◆ Exercise directions:
Make an exact copy of the records, leaving out the images.

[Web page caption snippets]
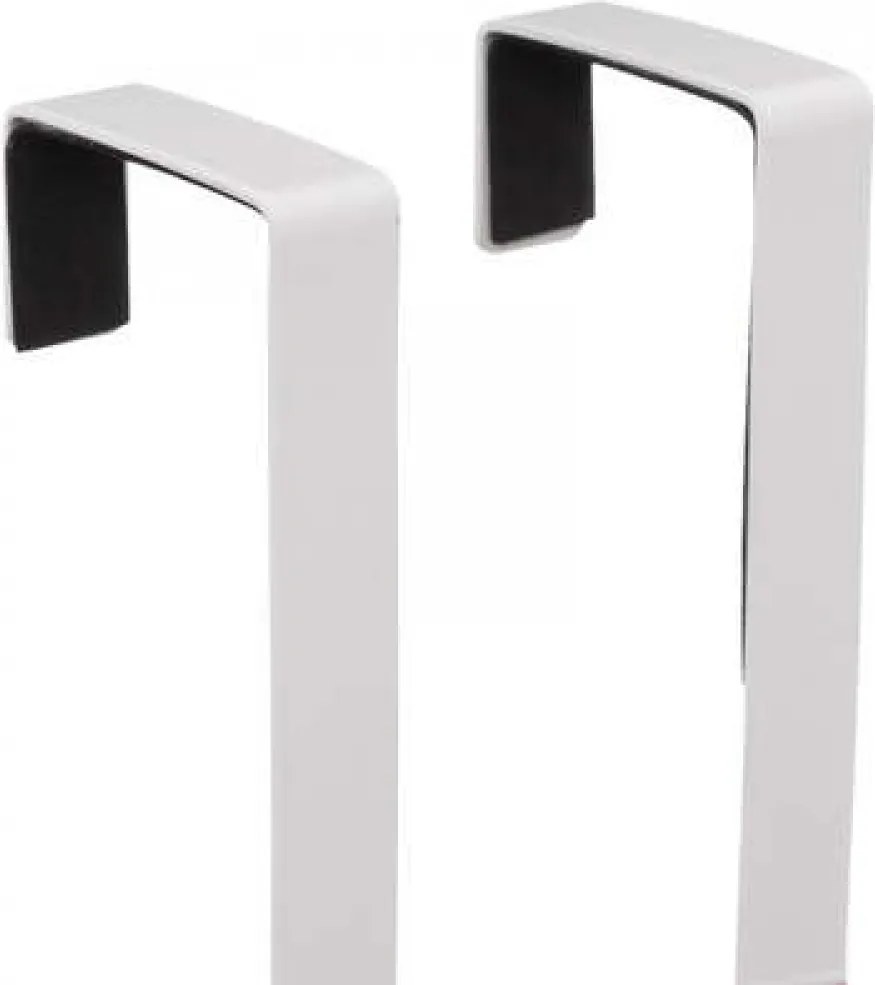 Raft suspendat din bambus pentru usa, SHELF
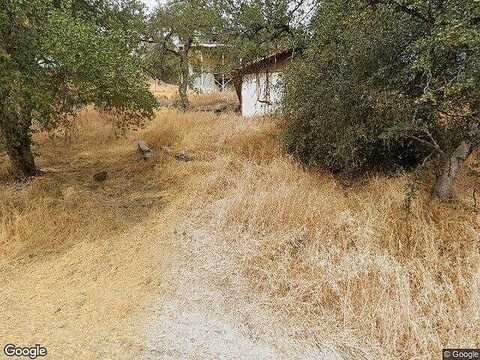 Caylor, SOULSBYVILLE, CA 95372
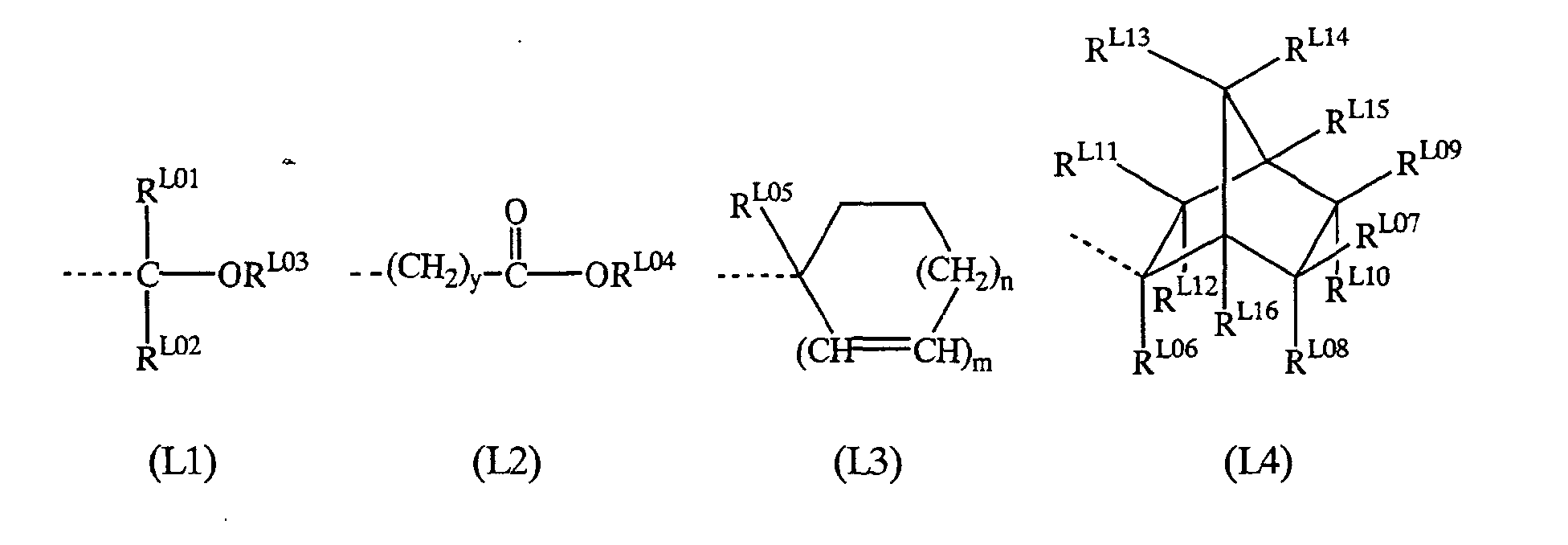 Figure 00390001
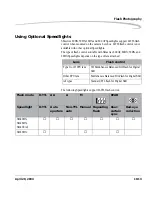 Preview for 177 page of Kodak DCS Pro SLR/n User Manual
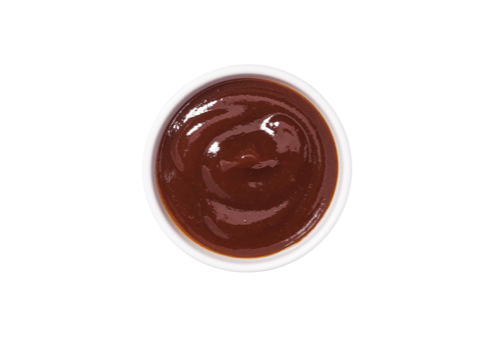 Barbecue Dip 40g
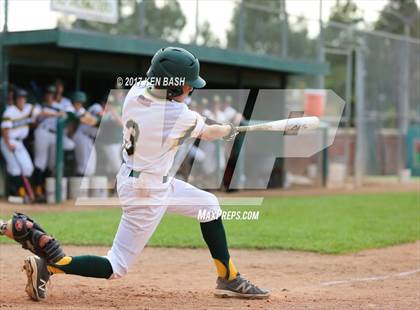 Thumbnail 1 in Camarillo @ Moorpark photogallery.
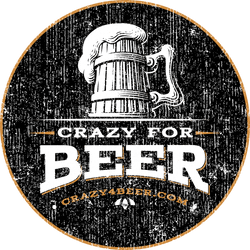 Crazy4Beer collection image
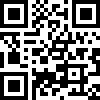 https://khabaronline.ir/xpFvg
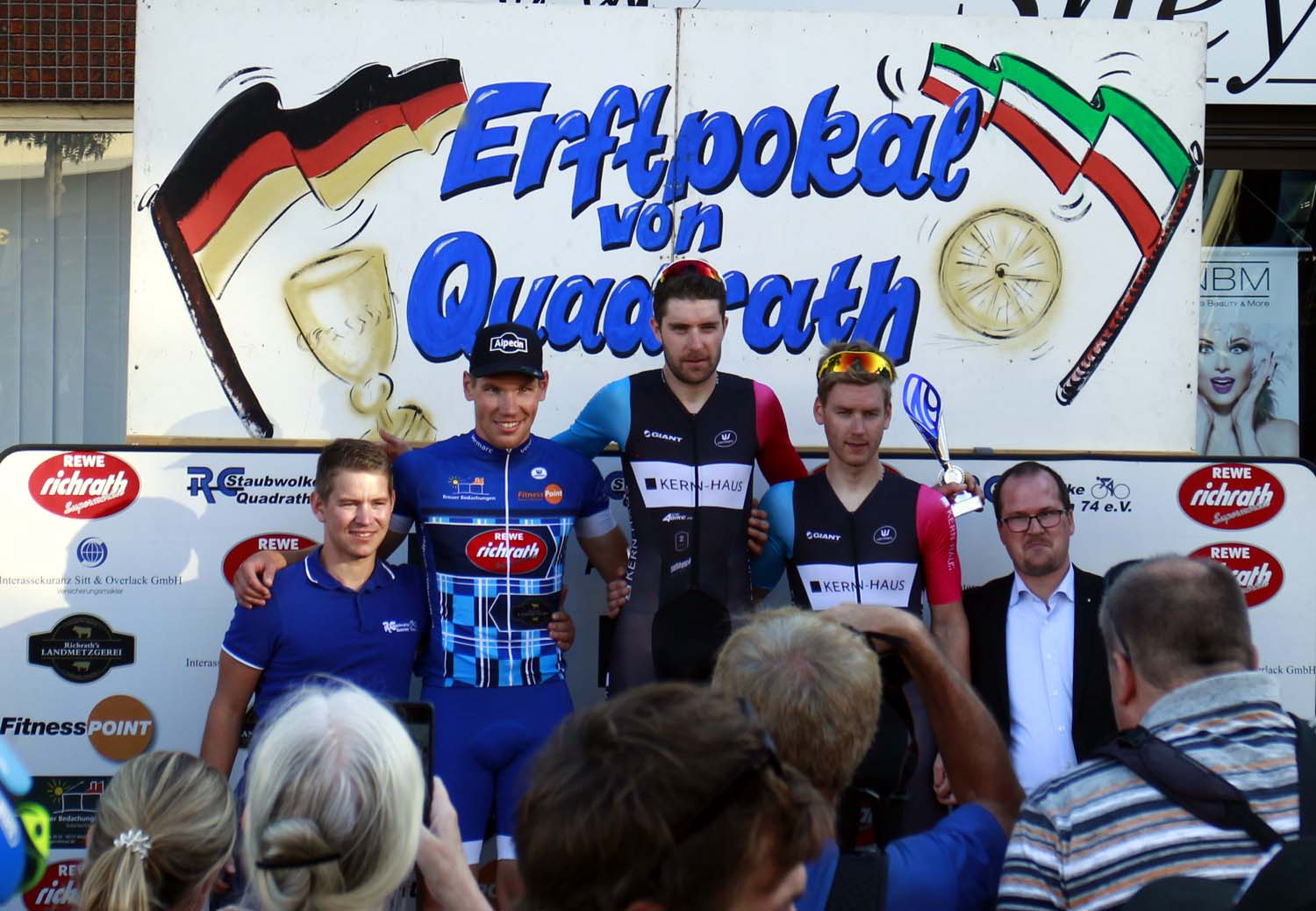 2019 09 erftpokal 12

◆ Final answer:
 Raft suspendat din bambus pentru usa, SHELF
 Caylor, SOULSBYVILLE, CA 95372
 Figure 00390001
 Preview for 177 page of Kodak DCS Pro SLR/n User Manual
 Barbecue Dip 40g
 Thumbnail 1 in Camarillo @ Moorpark photogallery.
 Crazy4Beer collection image
 https://khabaronline.ir/xpFvg
 2019 09 erftpokal 12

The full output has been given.